If you like the canned version (like Ocean Spray Whole Berry Cranberry Sauce; $2 for 14 ounces, Target), sizing down portions is simple. But if fresh fruit is your jam, note that cranberries usually come in 12- to 16-ounce bags. Weeden suggests using half of the bag for your favorite cranberry sauce recipe, then freeze the rest for another use.
Or make a full batch, then use extra top spread on rolls, to garnish roasted chicken or pork, or freeze the completed sauce if desired, Grant-Vose says. Plan for ¼ cup to ½ cup cranberry sauce per person.
Instead of making multiple pies, choose one or two family favorites. “Or for something a bit more special, try individual or mini pies,” Grant-Vose says. “You can use small individual pie pans, muffin tins, or even mini muffin tins. I love pecan tassies, or ‘mini pecan pies’ for smaller gatherings.”
No matter the guest count, Grant-Vose always offers at least two different desserts, each of which has a serving per person (for a total of two servings per person).
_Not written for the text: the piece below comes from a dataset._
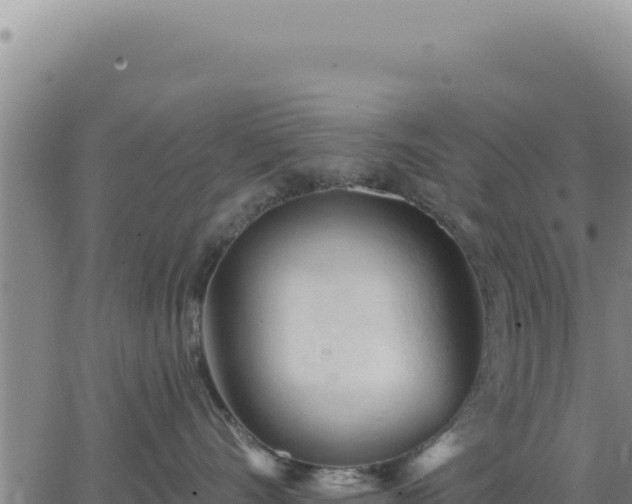 X0000063480528200601271658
Bonus Tips for Hosting a Special, Scaled-Back Thanksgiving
Now that we have the food basics covered, Grant-Vose suggests some other possible Thanksgiving dishes to try.
“Instead of halving or scaling each dish down, swap a few of the classics with show-stopping alternatives. Replace mashed potatoes with duchess potatoes for an elegant potato side dish. Swap classic dinner rolls with homemade challah bread or challah rolls. In place of roasted sweet potatoes or sweet potato casserole, make hasselback butternut squash,” Grant-Vose says.
To spice things up and make the most of any surplus, find a neighbor or two that you trust, and plan a dessert swap, Grant-Vose suggests. Ask everyone to whip up a different fall dessert or holiday pie and swap a few pieces.
“That way you get the joy of multiple pies without all the leftovers! Just make sure to follow CDC guidelines and follow safe kitchen practices,” Grant-Vose says.
To ensure your Turkey Day is spent in good spirits, regardless of the party size, Grant-Vose recommends allotting one bottle of Thanksgiving-friendly wine per adult over 21. You may not use it all, but leftover wine will last until the weekend.
And lastly, don’t overlook those who will be alone this year. “Even if you have to do a distant drop-off, leave a nice meal package on their doorsteps. It’ll make their day and yours,” Weeden says. “My mom is 97 and won’t be joining anyone, so we will be doing this for her.”